If the "surge" is really working in Iraq, all my fellow Democrats should rejoice, because it's one more step toward getting U.S. troops the hell out of there. Let Bush have his face-saving claims of victory -- who cares? Just bring this stupid, wasteful war to an end. Our brave soldiers and their families have suffered enough. And the toll in death, mutilation and trauma among hundreds of thousands of ordinary Iraqis is obscenely high and will never be fully documented. I remain skeptical about long-term political prospects in Iraq, whose nationhood was a convenient British fiction after World War I and whose border territory may eventually be devoured by its neighbors, including Turkey and Iran.

Meanwhile, the thundering horses in the presidential sweepstakes have been neighing and nipping at each other as time grows short. Mitt Romney may have been breathtakingly presumptuous in commandeering the flag-bedecked forum of the George H.W. Bush Presidential Library for his long-anticipated speech on religion, but on balance, I think the event was a success for him merely by demonstrating his idealistic, bouncily upbeat character. Rudy Giuliani, dogged by tacky ethics questions, seems in contrast like a shadowy, hard-bitten wheeler and dealer, like Hillary Clinton a ruthless pursuer of power for its own sake. True, Romney's had a million positions on any question, but who's counting?

Romney's move may have been tactically necessary to counter evangelical Protestants' rejection of Mormonism as a cult, but the speech wasn't as conceptually developed as it should have been. As an atheist, I wasn't offended by Romney's omission of nonbelievers from his narrative of American history. On the contrary, I agree with him that the founders of the U.S. social experiment were Christians (even if many were intellectual deists) and that our separation of church and state entails the rejection of an official, government-sanctioned creed rather than the obligatory erasure of references to God in civic life.

But what does Romney mean by the ongoing threat of a new "religion of secularism"? The latter term needs amplification and qualification. In my lecture on religion and the arts in America earlier this year at Colorado College, I argued that secular humanism has failed, that the avant-garde is dead, and that liberals must start acknowledging the impoverished culture that my 1960s generation has left to the young. Atheism alone is a rotting corpse. I substitute art and nature for God -- the grandeur of man and the vast mystery of the universe.
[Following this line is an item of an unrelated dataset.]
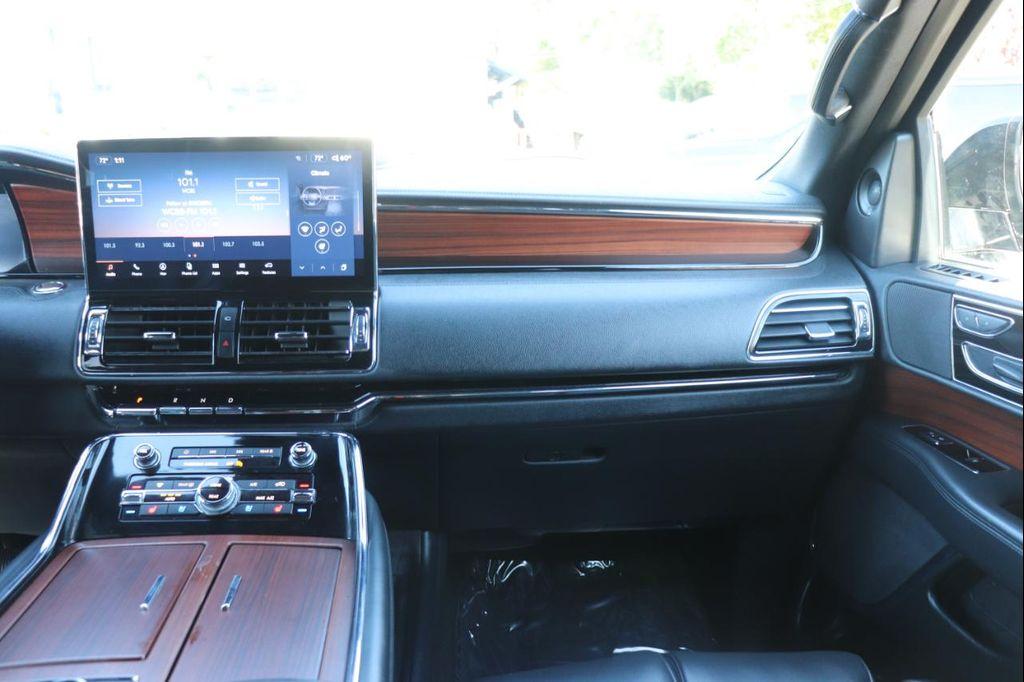 used 2024 Lincoln Navigator car, priced at $62,995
But primary and secondary education, which should provide an entree to great art and thought, has declined into trivialities and narcissistic exercises in self-esteem. Popular culture, once emotionally vibrant and collective in impact (from Hollywood movies to rock music), has waned into flashy, transient niche entertainment. The young, who are masters of ever-evolving personal technology, are besieged by the siren call of materialism. In this climate, it is selfish and shortsighted for liberals to automatically define religion as a social problem that needs suppression or eradication. Without spirituality in some form, people will anesthetize themselves with drink or drugs -- including the tranquilizers that seem near universal among the status-addled professional class of the Northeastern elite.

Europe, which has settled into a comfortable secularism, is no model for the future. The great era of European achievement in arts and letters seems to be over. There are local luminaries but no towering figures any longer of the stature of James Joyce, Pablo Picasso, Marcel Proust, Thomas Mann or Ingmar Bergman. Europe is becoming a museum and tourist trap, as people from all over the world flock to see the remnants of Europe's royal and religious past -- the conservative prelude, in other words, to today's slack liberalism.